SAN JOSE -- On the surface, it looked like a demotion -- Sharks coach Todd McLellan dropping Joe Pavelski to the third line after the usually reliable forward had only one goal in his past 18 games and no points at all in his past eight.
But the stat sheet after San Jose's 5-3 victory over the Anaheim Ducks on Monday showed that it turned out to be anything but that. Pavelski's 20:47 in ice time -- the one stat that reflects a coach's sense of how a player is doing each game -- was second highest among the team's 12 forwards as he had his strongest outing in weeks at both ends of the ice.
"You feel it a little bit," Pavelski said after his first-period goal that ended his point drought. "You never want it to go eight in a row because you are aware of those things. For whatever reason, it keeps building sometimes. However many it was, it was probably that long since I played a complete game like tonight."
McLellan and Pavelski will look for a similar performance in Wednesday night's 7 p.m. rematch between the teams at HP Pavilion -- the first of a season-long seven straight games at home for a Sharks team on the playoff bubble.
Besides moving Pavelski to the third line, McLellan also shifted him back to center -- his original position before being used at wing much of the past few years -- between James Sheppard and TJ Galiardi. And, yes, getting Pavelski back on track was part of the motivation.

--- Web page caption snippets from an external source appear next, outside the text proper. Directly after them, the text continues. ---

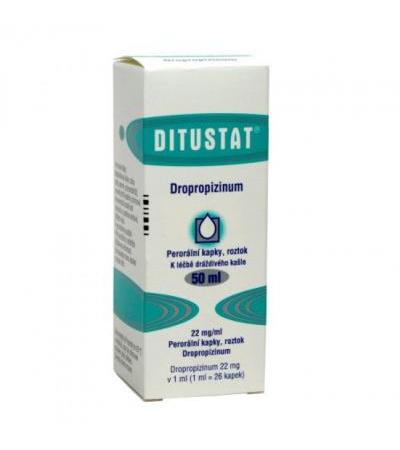 DITUSTAT drops 50ml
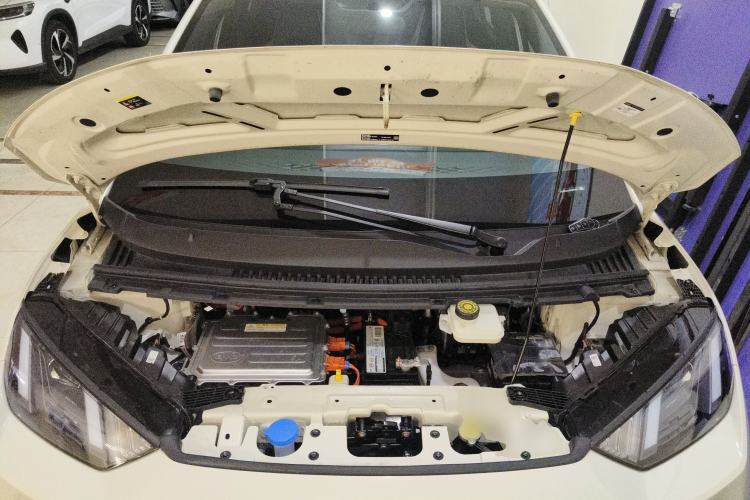 Used BYD Seagull 2025 305km Active Version
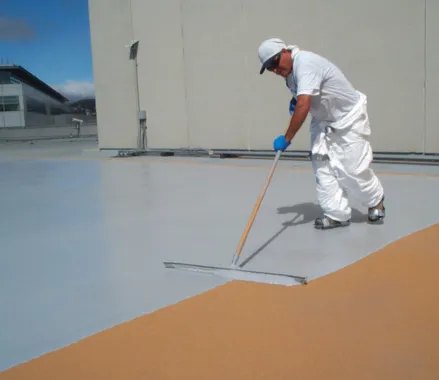 impermeabilización con membranas liquidas en mallorca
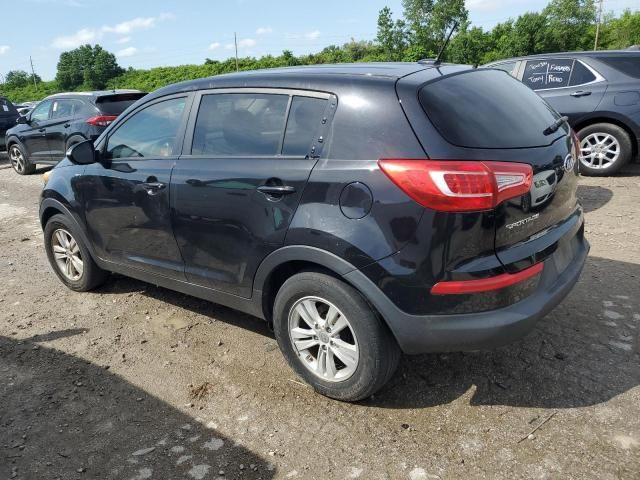 2011 KIA Sportage LX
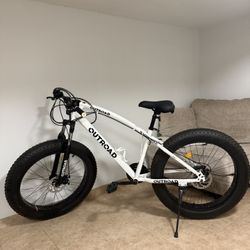 Outroad Snowbike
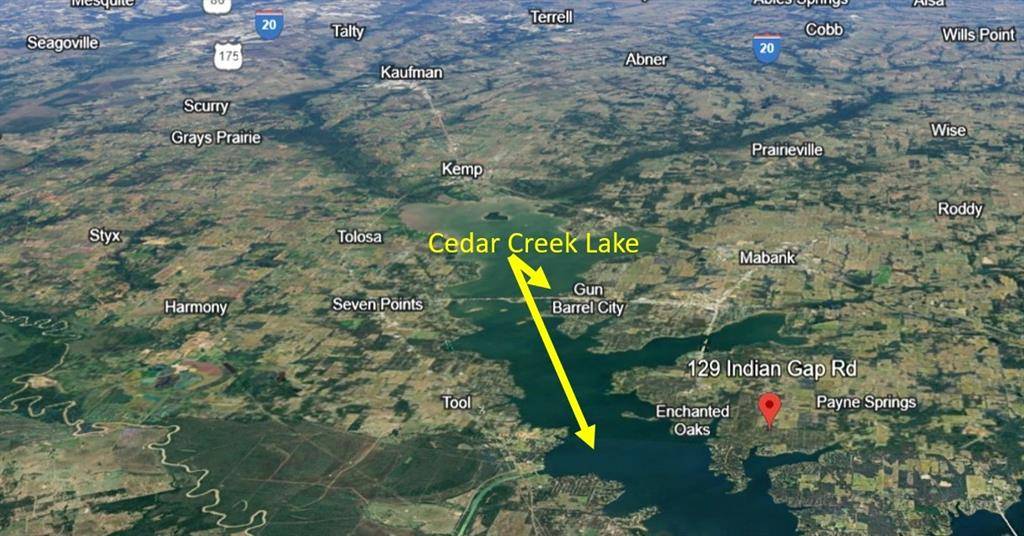 Mabank, TX 75156,129 Indian Gap Drive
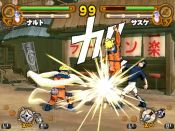 Naruto Ultimate Ninja 3 - Immagine 1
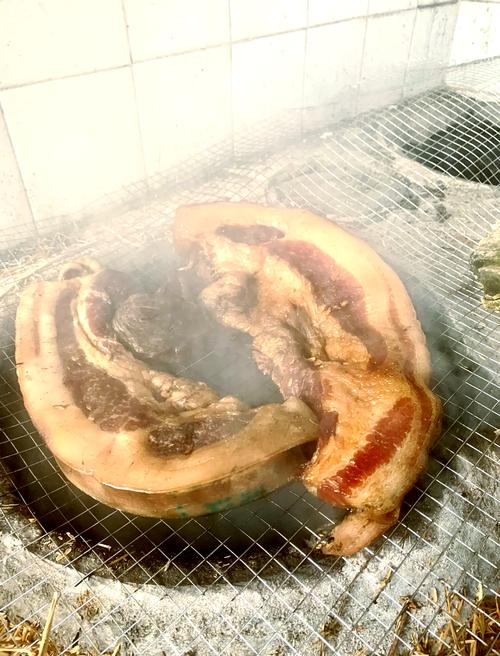 美食特产腊肉八爪鱼的做法？腊八肉怎么做好吃？  第2张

Like all of San Jose's top scorers, Pavelski began the season with a vengeance, scoring four goals and eight assists in the first seven games. Then his touch disappeared as he has added only four goals and three assists in the 24 games since.
"He has to pick it up, he knows that. He's a very honest guy," McLellan said in explaining his decision to move Pavelski, 28, back to center. "He's not fooling anybody, and not fooling himself. We expect more from him, and maybe this will trigger it."
Pavelski played down the change in position in a Sharks system that uses forwards interchangeably. He noted that even as a wing, he -- not Joe Thornton or Logan Couture -- takes faceoffs on the right side of the ice.
Pavelski's first game in this latest role showed his range. He had a team-high six shots on net, registered three hits and blocked two shots. On one penalty kill, he seemed to eat up nearly 30 seconds single-handedly with a persistent forecheck and a display of his puck-handling skills.
But he was more interested in sharing credit with his new linemates, including Sheppard, who scored his first goal as a Shark and first in the NHL since notching one for the Minnesota Wild on Dec. 11, 2009 -- nine months before the knee injury that cost him two seasons.
"We worked hard and did a lot of little things," Pavelski said. "When we had a chance to shoot pucks, we shot them. We didn't look for the perfect play. We got pucks to the net and made sure we tried to win our battles when we could."
Late in the 2010-11 season, Pavelski had a previous stint as a third-line center between Kyle Wellwood and Torrey Mitchell. For a while, that line provided the kind of scoring depth the Sharks are looking for now.
Pavelski, who had seven goals and 13 assists in the final 13 games that season, didn't mind the comparison.
"Yeah," he said, "probably one of my best runs ever."